Adolf Hitler’s Mein Kampf has recently become a bestseller in Germany, its publisher announced this Tuesday.
According to its publisher, the Institute of Contemporary History of Munich (IfZ), Germans have purchased around 85,000 copies of the book since the reprint’s release this past January, only days after the copyright of Hitler’s autobiography expired and the book fell into the public domain. This marked the first time that anyone had published the controversial book in Germany since World War II.
IfZ originally planned to print just 4,000 copies of the book, but excessive demand forced them to increase production almost immediately. Mein Kampf then topped German magazine Der Spiegel‘s nonfiction bestseller list for two weeks this past April, and ranked somewhere on the list for the entirety of the year.

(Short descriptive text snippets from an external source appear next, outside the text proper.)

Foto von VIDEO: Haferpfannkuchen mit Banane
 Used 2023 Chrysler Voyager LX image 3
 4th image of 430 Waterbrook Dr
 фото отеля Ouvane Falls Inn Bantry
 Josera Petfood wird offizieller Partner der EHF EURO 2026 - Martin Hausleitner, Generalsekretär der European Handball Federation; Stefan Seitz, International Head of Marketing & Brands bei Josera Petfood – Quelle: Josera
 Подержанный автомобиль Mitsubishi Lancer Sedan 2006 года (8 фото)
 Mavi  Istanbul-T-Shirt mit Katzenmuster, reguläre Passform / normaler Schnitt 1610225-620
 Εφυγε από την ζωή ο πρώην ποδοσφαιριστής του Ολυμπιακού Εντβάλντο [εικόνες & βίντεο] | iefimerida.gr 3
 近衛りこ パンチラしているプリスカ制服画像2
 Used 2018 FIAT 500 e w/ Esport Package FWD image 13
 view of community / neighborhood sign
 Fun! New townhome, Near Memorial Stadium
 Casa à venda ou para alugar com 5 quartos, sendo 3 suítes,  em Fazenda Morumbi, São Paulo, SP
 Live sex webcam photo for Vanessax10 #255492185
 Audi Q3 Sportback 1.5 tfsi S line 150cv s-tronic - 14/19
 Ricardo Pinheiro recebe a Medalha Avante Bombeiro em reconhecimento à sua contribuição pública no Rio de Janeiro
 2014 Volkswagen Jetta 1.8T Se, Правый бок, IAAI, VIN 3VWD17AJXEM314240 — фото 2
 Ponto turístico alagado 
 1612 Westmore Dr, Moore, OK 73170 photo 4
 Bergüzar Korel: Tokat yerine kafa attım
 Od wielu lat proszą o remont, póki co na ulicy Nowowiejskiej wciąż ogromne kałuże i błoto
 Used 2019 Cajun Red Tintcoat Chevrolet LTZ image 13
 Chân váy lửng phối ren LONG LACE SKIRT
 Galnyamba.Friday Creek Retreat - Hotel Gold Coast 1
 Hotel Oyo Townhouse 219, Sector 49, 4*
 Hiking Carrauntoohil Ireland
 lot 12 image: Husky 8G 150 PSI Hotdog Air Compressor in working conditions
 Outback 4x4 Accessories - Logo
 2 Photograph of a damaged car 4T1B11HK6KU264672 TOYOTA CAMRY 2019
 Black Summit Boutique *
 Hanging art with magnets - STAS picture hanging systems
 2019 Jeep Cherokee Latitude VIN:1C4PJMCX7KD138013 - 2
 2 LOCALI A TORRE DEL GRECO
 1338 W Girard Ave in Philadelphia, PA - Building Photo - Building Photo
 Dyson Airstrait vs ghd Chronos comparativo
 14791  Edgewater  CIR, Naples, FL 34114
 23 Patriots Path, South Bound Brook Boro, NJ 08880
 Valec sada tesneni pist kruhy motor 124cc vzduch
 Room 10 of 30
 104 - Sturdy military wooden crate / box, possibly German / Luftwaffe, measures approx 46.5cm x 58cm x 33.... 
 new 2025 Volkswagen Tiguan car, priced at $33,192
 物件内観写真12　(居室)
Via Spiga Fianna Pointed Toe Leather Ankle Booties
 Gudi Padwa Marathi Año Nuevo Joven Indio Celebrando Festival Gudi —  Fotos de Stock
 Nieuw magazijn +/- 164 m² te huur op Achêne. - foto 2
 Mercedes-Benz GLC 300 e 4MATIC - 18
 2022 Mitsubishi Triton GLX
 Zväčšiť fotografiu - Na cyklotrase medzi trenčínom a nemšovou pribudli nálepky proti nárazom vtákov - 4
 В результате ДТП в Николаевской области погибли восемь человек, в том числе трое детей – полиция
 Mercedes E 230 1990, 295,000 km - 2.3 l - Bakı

Split across two volumes, the reprint of this infamous tome — which Hitler wrote in 1924 and which outlines his Nazi ideology — was meant to enrich the discussion around the surge of “authoritarian political views” in Western culture, according to IfZ.
As the institute’s director, Andreas Wirsching, said in a statement:
“It turned out that the fear the publication would promote Hitler’s ideology or even make it socially acceptable and give neo-Nazis a new propaganda platform was totally unfounded. To the contrary, the debate about Hitler’s worldview and his approach to propaganda offered a chance to look at the causes and consequences of totalitarian ideologies, at a time in which authoritarian political views and right-wing slogans are gaining ground.”
According to the institute, data collected by German bookstores indicated that the book’s buyers were typically “interested in politics and history as well as educators” and not “reactionaries or right-wing radicals.”
Despite this, IfZ said that it would keep restricting the book’s international publication despite strong consumer interest in many countries. They plan only to publish forthcoming versions in English and French.